Your People Are Your Best Career Pathing Resource
When possible, it’s a great idea to offer new hires a roadmap for what a career at your company can look like. Visual guides are always useful, but your efforts shouldn’t end at new hires a career path slide deck. You’ll also need to offer them access to more senior-level team members who can help them better understand what it takes to hit each new level within your organization. For that, mentoring is your best solution.
Only 30% of employees agree that someone at work encourages their development. That’s incredibly low, especially given how many workers are willing to quit to pursue career advancement opportunities. However, skills-based mentoring programs, reverse mentoring programs, and open mentoring programs (among many others) create the structure workers need to connect with and build the type of relationships where real career development occurs.

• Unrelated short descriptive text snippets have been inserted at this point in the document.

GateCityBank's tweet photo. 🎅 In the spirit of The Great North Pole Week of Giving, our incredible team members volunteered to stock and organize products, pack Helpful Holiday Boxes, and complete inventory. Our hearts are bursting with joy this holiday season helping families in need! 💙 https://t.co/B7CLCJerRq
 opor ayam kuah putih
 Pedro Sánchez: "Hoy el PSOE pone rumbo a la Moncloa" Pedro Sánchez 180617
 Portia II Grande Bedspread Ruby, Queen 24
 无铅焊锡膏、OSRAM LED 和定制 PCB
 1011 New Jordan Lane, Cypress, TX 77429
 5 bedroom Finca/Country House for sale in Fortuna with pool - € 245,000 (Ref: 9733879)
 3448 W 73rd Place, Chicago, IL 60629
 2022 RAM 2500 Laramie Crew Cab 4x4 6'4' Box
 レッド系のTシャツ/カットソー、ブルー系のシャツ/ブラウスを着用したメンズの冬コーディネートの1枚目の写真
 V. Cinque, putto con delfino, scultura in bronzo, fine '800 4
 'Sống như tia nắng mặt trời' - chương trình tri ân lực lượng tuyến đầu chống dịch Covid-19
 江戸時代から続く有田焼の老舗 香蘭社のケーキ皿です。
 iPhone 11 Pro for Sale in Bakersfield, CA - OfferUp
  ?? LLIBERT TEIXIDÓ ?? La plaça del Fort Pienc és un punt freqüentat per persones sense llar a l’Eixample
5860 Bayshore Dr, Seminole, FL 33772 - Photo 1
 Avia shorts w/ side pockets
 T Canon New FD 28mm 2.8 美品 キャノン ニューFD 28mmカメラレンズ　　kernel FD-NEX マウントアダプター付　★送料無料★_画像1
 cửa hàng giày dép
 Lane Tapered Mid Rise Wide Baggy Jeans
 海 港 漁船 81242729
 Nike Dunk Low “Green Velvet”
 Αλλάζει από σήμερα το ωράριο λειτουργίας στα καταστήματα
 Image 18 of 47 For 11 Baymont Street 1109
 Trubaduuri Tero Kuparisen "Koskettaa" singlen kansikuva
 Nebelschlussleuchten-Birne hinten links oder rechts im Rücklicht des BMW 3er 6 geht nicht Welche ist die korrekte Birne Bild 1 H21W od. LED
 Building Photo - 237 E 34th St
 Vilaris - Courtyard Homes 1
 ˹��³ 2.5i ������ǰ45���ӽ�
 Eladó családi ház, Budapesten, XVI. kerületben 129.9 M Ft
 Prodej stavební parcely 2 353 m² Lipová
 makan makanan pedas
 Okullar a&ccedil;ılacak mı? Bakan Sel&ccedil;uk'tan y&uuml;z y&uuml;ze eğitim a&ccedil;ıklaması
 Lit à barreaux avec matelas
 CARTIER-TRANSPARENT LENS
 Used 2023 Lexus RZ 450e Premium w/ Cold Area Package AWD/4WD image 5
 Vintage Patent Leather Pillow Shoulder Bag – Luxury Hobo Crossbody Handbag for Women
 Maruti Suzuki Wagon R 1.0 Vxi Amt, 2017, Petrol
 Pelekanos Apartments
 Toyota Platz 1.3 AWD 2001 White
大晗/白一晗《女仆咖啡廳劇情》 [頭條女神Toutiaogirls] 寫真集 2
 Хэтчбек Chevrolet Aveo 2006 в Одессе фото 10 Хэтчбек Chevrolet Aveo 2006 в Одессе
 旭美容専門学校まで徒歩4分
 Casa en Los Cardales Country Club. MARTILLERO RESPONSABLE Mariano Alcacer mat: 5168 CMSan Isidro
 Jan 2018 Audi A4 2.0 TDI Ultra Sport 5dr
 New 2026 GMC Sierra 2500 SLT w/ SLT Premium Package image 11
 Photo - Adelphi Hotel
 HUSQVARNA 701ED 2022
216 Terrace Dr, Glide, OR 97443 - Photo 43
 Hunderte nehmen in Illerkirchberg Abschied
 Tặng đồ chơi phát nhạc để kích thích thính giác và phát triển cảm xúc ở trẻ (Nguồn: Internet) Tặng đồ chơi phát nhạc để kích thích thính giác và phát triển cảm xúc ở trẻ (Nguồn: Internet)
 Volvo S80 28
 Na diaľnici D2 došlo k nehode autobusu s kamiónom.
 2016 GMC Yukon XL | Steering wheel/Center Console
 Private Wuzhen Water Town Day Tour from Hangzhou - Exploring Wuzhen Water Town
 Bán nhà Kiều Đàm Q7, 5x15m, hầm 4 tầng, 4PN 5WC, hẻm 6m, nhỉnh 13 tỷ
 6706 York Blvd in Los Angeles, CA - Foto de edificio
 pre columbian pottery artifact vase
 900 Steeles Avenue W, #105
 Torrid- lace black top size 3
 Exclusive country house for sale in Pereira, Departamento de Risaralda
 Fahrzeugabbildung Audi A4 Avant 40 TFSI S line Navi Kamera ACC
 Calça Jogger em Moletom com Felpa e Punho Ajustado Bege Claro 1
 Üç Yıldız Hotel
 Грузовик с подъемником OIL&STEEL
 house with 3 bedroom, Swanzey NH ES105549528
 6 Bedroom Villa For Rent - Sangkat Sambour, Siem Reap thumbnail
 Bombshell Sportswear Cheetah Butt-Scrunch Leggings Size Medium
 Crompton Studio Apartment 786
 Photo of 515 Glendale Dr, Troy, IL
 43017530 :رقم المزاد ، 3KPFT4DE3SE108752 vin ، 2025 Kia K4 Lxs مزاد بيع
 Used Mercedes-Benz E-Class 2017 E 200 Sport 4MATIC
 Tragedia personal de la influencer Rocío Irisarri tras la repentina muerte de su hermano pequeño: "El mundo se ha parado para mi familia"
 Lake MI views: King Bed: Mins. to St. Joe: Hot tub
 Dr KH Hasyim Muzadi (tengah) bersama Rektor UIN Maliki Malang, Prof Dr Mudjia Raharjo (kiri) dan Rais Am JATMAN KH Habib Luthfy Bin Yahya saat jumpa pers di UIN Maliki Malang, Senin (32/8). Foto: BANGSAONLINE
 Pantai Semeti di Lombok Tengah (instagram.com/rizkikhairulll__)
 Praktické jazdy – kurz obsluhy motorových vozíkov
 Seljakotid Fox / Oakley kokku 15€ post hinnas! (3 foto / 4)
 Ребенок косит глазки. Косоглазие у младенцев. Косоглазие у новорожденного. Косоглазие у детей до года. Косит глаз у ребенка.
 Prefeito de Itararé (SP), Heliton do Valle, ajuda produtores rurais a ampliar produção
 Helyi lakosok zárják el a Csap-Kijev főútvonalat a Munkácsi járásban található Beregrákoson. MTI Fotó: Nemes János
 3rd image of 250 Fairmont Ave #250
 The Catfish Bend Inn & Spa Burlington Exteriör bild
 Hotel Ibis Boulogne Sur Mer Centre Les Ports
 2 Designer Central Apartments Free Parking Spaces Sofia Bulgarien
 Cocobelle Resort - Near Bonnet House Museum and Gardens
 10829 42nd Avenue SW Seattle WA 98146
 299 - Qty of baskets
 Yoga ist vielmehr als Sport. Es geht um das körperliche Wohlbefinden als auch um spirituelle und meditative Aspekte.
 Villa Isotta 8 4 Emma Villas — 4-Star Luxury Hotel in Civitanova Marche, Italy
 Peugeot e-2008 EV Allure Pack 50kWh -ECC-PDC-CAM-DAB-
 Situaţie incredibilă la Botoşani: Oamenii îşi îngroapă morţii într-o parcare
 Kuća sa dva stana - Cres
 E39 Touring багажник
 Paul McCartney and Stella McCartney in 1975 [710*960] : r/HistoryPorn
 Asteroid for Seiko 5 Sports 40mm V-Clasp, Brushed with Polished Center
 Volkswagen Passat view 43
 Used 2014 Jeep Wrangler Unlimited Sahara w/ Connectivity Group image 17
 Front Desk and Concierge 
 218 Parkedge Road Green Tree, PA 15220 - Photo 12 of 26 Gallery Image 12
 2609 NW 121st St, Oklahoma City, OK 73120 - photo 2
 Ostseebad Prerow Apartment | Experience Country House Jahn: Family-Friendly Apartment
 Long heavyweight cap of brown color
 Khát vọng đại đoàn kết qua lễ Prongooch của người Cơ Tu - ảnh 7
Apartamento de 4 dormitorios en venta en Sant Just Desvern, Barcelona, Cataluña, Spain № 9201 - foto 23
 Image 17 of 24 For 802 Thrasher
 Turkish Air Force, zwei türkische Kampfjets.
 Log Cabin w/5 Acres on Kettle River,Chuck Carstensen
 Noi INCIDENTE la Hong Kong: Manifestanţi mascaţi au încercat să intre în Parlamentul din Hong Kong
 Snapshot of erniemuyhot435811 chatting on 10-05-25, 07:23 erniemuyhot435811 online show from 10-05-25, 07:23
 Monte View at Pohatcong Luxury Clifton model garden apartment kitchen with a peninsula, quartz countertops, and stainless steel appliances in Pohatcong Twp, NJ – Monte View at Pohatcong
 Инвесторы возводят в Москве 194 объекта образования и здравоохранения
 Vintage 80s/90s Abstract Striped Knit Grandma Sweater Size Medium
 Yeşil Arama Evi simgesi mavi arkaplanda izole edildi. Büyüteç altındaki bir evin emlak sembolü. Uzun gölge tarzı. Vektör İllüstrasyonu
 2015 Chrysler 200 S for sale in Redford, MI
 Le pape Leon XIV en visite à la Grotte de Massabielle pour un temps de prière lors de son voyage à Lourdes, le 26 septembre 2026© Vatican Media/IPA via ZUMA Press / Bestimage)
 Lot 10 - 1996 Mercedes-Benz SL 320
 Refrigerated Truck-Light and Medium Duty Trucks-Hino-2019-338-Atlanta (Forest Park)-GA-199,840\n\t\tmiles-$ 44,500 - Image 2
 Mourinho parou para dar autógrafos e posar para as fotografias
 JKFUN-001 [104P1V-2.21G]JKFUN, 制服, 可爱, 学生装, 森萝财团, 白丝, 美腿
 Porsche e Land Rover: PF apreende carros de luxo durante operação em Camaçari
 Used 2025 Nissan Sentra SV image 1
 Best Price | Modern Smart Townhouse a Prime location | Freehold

As we head into 2022, organizational leaders may want to do a self-assessment on career pathing and career development.
- Do you offer clear career pathing to all workers?
- Is your career pathing properly visualized?
- Do your workers have opportunities to develop the needed skills, practices, or experiences necessary to achieve their career goals?
- Can they easily locate and connect with others in your organization who may be able to help mentor them along the way?
Career pathing is now a necessity for most workers. And that means streamlining the process for understanding and developing a career path falls on the shoulders of employers who want to reduce their employee turnover.